ENGLISH language schools in Vietnam’s Ho Chi Minh City (HCMC, formerly Saigon) are now proliferating so fast that its private English as a Foreign Language (EFL) sector is ‘out of control,’ according the English language Vietnam news website Vietnam Net Bridge. Nguyen Van Cuong, of the city’s Education and Training Department says that there are now 474 registered private EFL schools under its supervision, and that ‘the task of controlling the quality of English education centres in HCM City is quite a challenge.’
Setting up an ‘international centre’ teaching EFL under an ‘international’-sounding brand name is relatively cheap, and Mr Cuong said that it’s possible with an investment of as little as 2 million dong (£78) in a prime location. Opening another branch of an existing school requires much less bureaucracy than setting up a new school from scratch, so that most schools have two or three branches in the city, with some schools operating as many as 20 branches.
Operating multiple branches means that chain schools can send their existing teachers into several schools, rather than having to spend money on hiring new teachers.
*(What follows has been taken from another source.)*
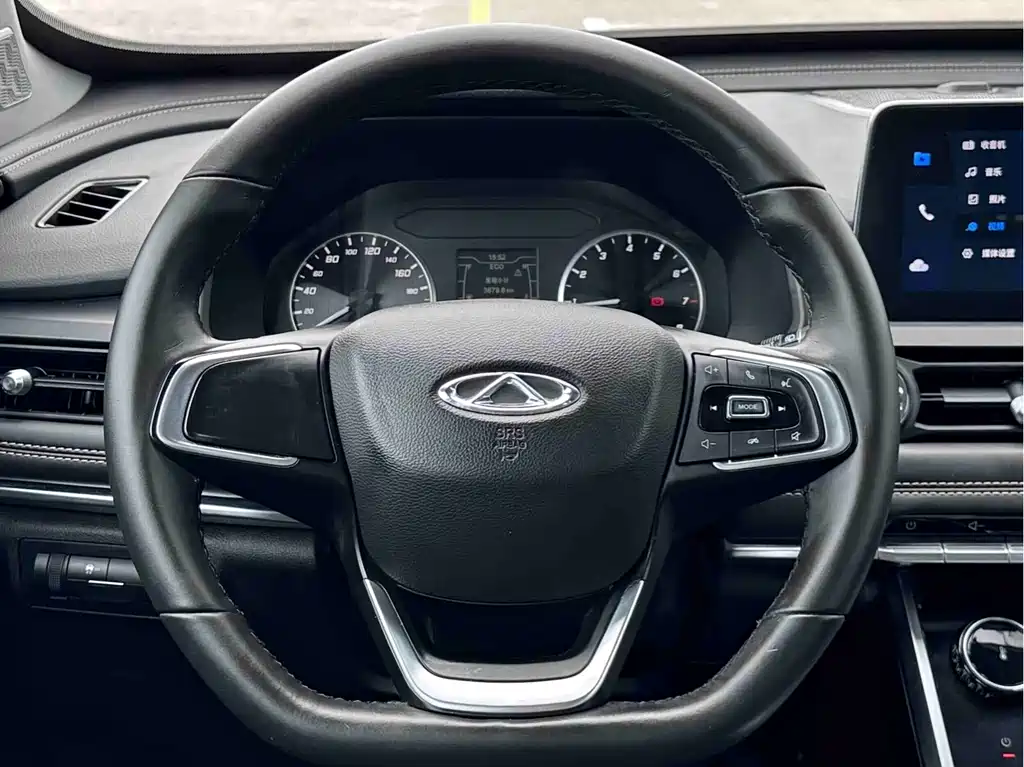 Chery Tiggo 8 — фото 11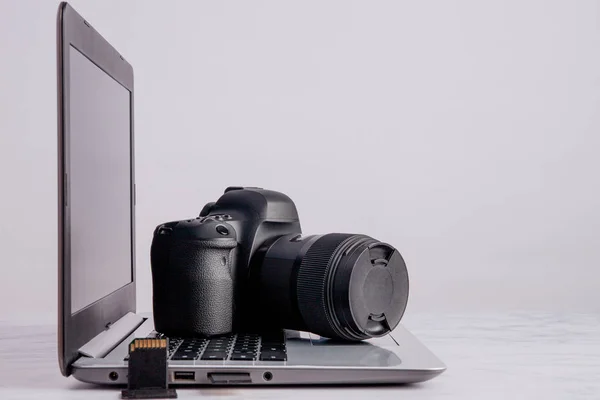 Profesjonalne Dslr Camera Laptopie — Zdjęcie stockowe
Students sign up in the expectation of being taught by ‘highly qualified native-speaking teachers’ only to find that these are often backpackers who are very thinly spread around many different branches of a school. One student complained to Vietnam Net Bridge that he had signed up on the promise of four days a week out of five, but now he gets to be taught by a native speaker only once a week.
Other sharp practices in Ho Chi Minh City’s mushrooming private EFL sector include frequent unsubstantiated claims that schools’ certification is internationally recognised. And complaints about false advertising go beyond claims about native-speaker teachers. One school projected a ‘luxurious appearance’ to a student, named as Minh Nghia,’ when he came to enquire about enrolling, but put that student in ‘small and stuffy’ classrooms. A staff member at the centre gave assurances that his class would have a maximum of 20 students, but the class turned out to have 30 students, with new students constantly added as they enrolled. "The class is too crowded and it’s really hard to listen to the teachers’ words,’ said Nghia.
A language centre director, speaking to Vietnam Net Bridge on condition of anonymity, said that ‘English centres owned by Vietnamese universities inside their campuses, which in the 1990s were very popular, and whose payments were only several 10,000 dong, (just under $4) can barely survive,’ as ‘low-cost English centres are now losing ground to the ones whose fees are in the millions of dong or even in US dollars,’ fuelled by a popular belief that teaching using a high proportion of native speaker teachers automatically translates into higher quality.